Christie said in a terse statement Wednesday that he was “misled” by one of his staffers. He called the messages — which expressed delight over delayed school buses shuttling children to their first day of class and included taunts aimed at the Fort Lee mayor — “completely inappropriate” and “unacceptable.” He added, without any specifics, “people will be held responsible for their actions.”
Read emails between Christie administration and Port Authority executives: View / Download
There was no immediate indication that Christie had taken any action against the senior aide who sent an e-mail weeks before the lane closures that appeared to give a Port Authority executive approval to go ahead with a plan to exact revenge against the Fort Lee mayor.
“Time for some traffic problems in Fort Lee,” Bridget Anne Kelly, one of three deputy chiefs of staff for Christie, wrote on Aug. 13. The recipient of the e-mail was David Wildstein, a longtime political operative who went to high school with the governor and was hired to be the governor’s eyes and ears at the Port Authority. Wildstein, who ordered the closures three weeks after the message and resigned last month amid the escalating scandal, wrote back: “Got it.”

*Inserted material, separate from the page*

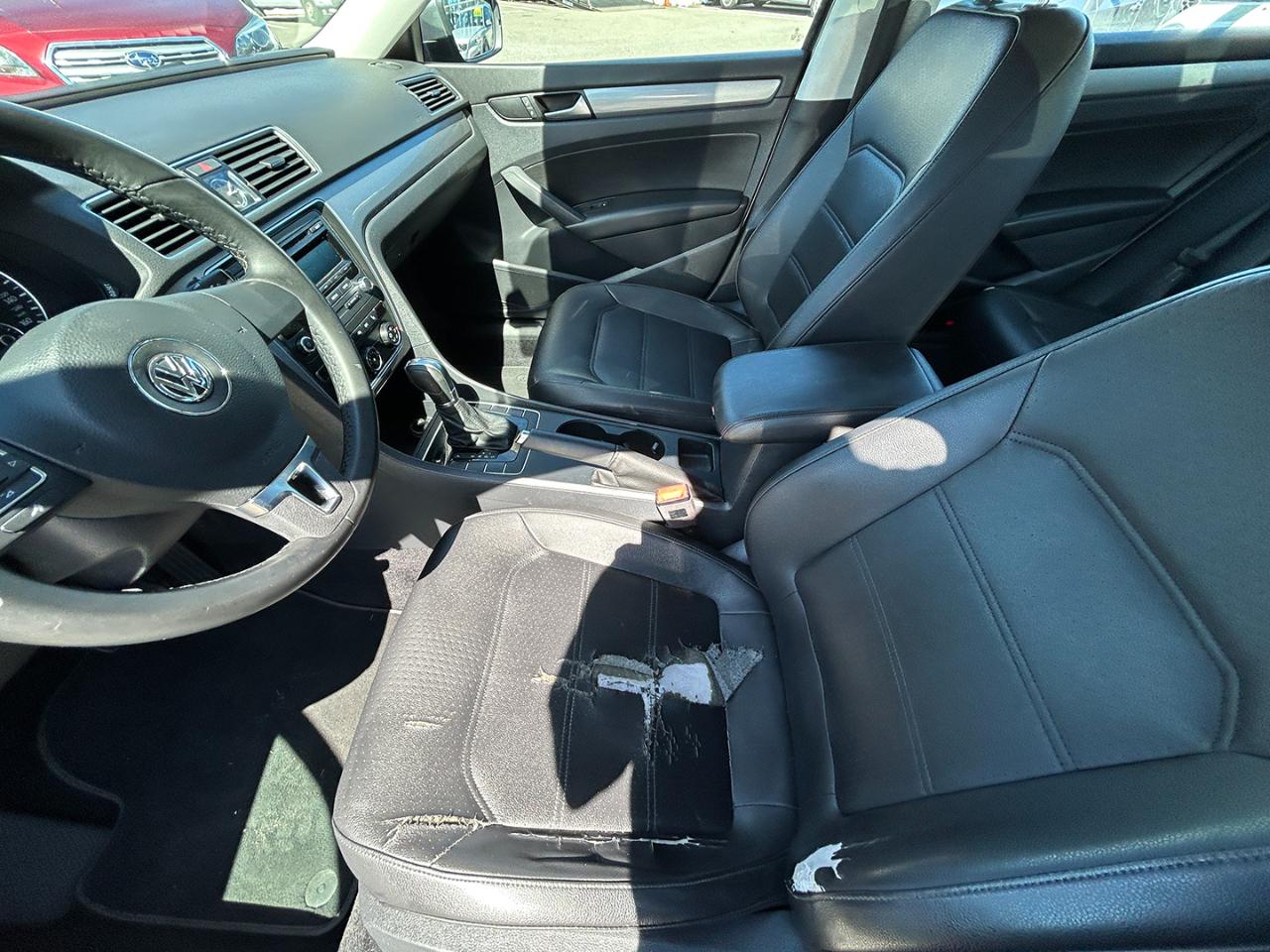Volkswagen Passat 4dr Sdn 1.8T Auto Wolfsburg Ed PZEV 2014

The fallout was evident on Wednesday: Christie, who usually addresses controversies head-on and in person, canceled a previously scheduled event that drew scores to hear about Sandy relief and remained silent except for the four-sentence statement issued late in the day. And Democrats signaled that they intended to carry on their investigation in an effort to find out whether Christie or anyone else in his inner circle knew about the lane closures beforehand. Assemblyman John Wisniewski, the Middlesex Democrat who is leading the legislative probe, said Wednesday that he plans to call Kelly to testify at some point.
The revelations, which also included messages from Christie’s reelection campaign manager and his spokesman, surfaced on the eve of legislative hearings in Trenton planned for today in which Wildstein was summoned to appear to testify under oath. Wildstein supplied the records that surfaced Wednesday in response to a committee investigating the unannounced closures, which paralyzed Fort Lee during morning rush-hour for four days.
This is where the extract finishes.